Il est tout de même dommage que le casting vienne gâcher un chouïa la crédibilité du film. Et pour cause, au lieu de prendre des comédiens lambda, qui auraient justement renforcé cette idée de « Monsieur Tout-le-monde », Traque à Boston propose tout un panel de célébrités du cinéma américain, et ce de manière pour le moins inégale. Mettant en avant des amis du réalisateur (Mark Wahlberg, déjà présent dans Du sang et des larmes et Deepwater, et producteur du film, saute sur l’occasion d’apparaître à chaque plan) qui ne sont pas forcément au top niveau de leur interprétation (l’acteur manquant de jeu, comme à son habitude). Ou bien des acteurs au cachet certain (John Goodman, J.K. Simmons, Michelle Monaghan…) mais sous-exploités comme ce n’est pas permis. Ne reste plus que Kevin Bacon et des seconds rôles convaincants pour rattraper le tir.
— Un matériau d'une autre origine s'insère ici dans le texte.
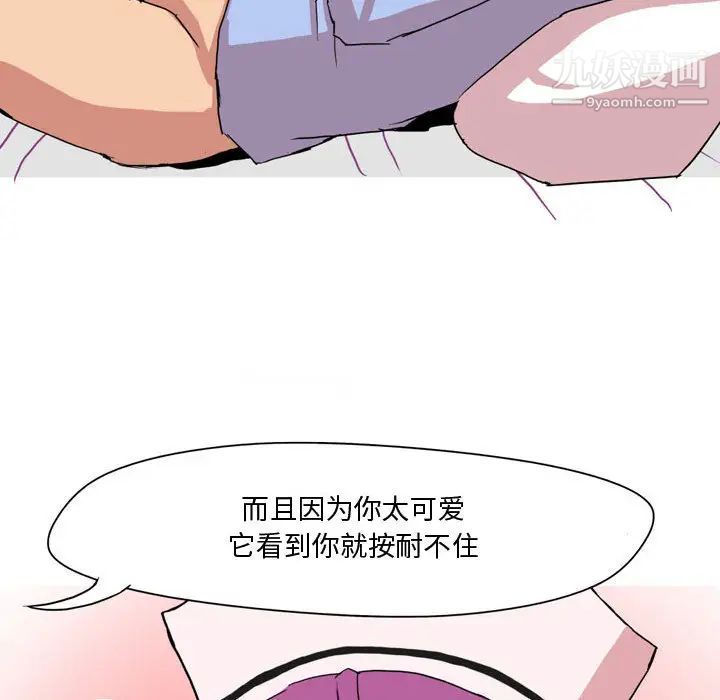 情事物语Forever第2话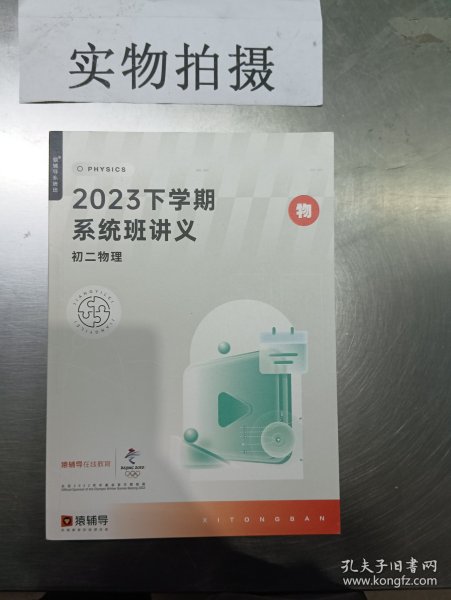 2023下学期系统班讲义初三物理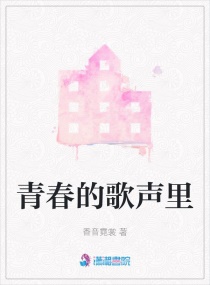 青春的歌声里章节列表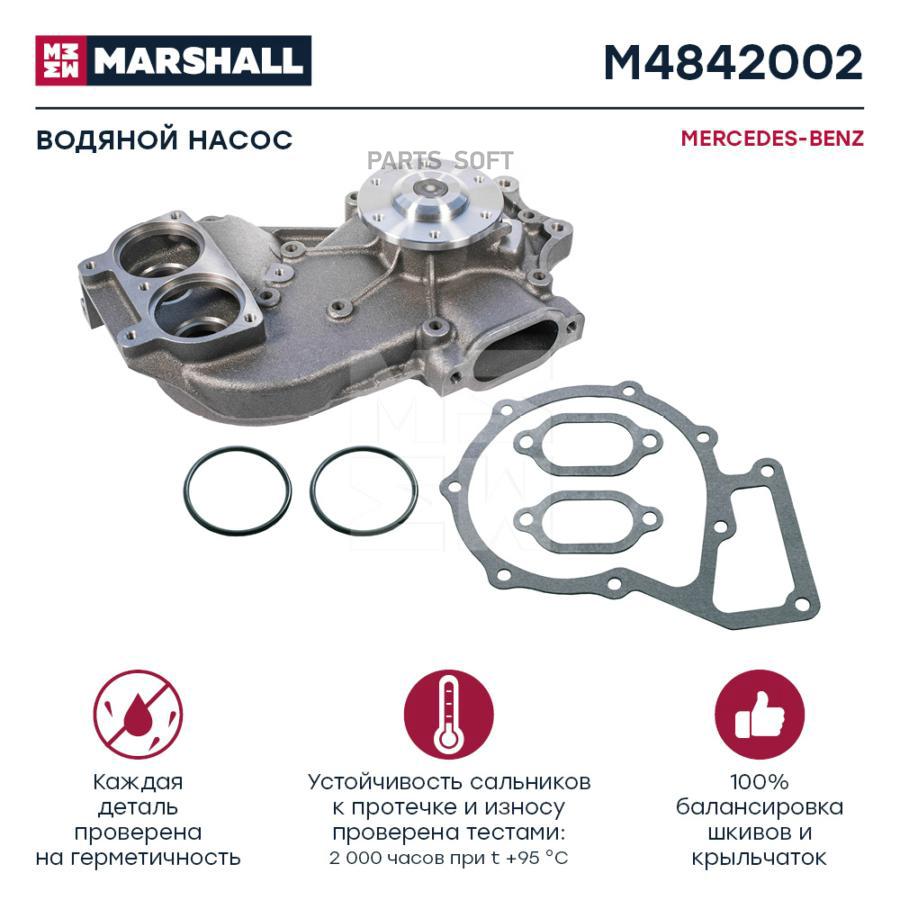 

Водяной Насос Mercedes-Benz О. Н. 5412001401 Hcv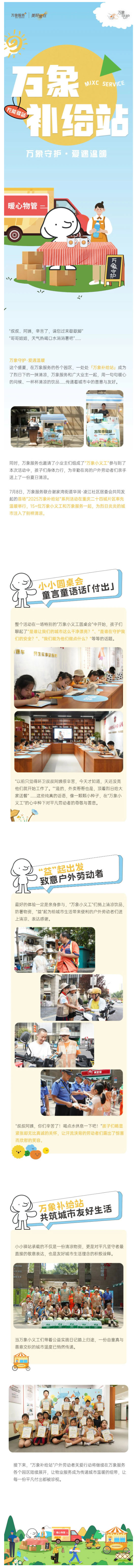 致意户外劳动者，用爱开启这一夏的友好__壹伴长图1.jpg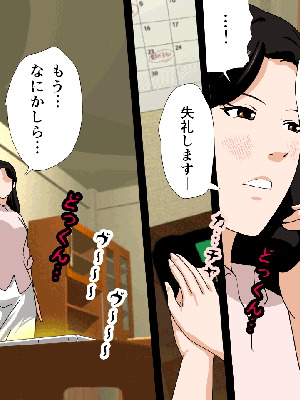 催眠浮気研究部 5_700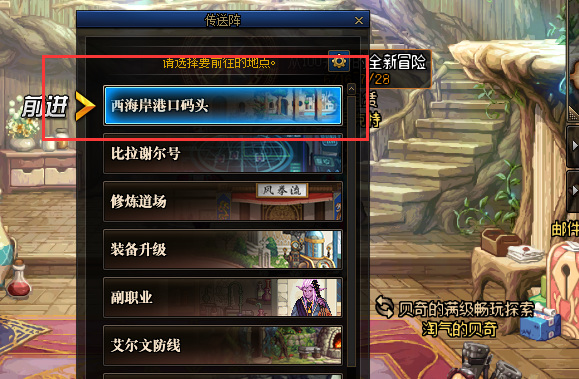 地下城与勇士110级版本昆法特地图怎么走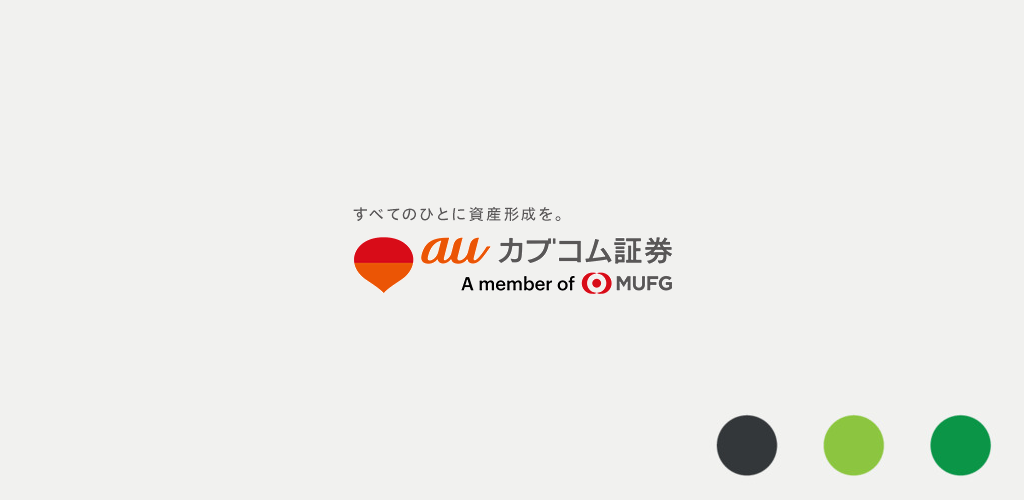 auカブコム証券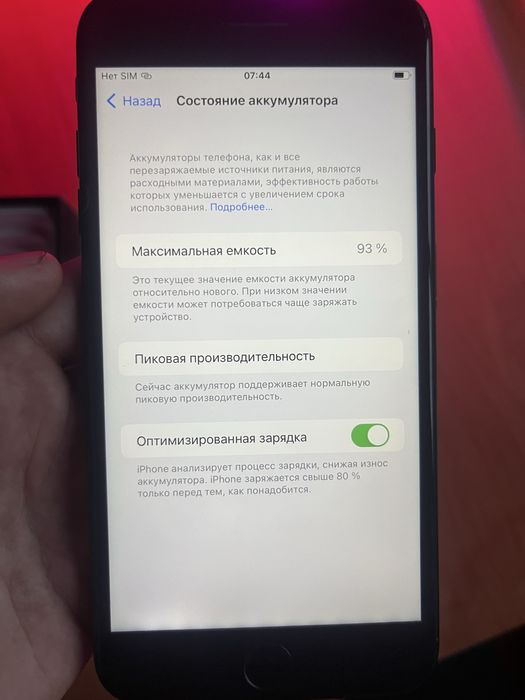 Iphone 7 + на 128гб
Reconnu comme un cinéaste faiseur de blockbusters de secondes zones, Peter Berg a déjà su montrer son intérêt pour un cinéma plus poussé malgré ses airs de divertissement musclé (Le Royaume et Du sang et des larmes entre autres). Traque à Boston peut s’ajouter sans mal à ces derniers, le long-métrage étant tout simplement l’un des meilleurs de la filmographie de son géniteur. Car ne tombant jamais ou que trop rarement dans la surdose patriotique, préférant se concentrer sur son histoire, sur les faits. Et le faisant avec tellement de simplicité, d’efficacité, que l’ensemble livre au public suffisamment de tension et d’humanité pour éveiller son intérêt.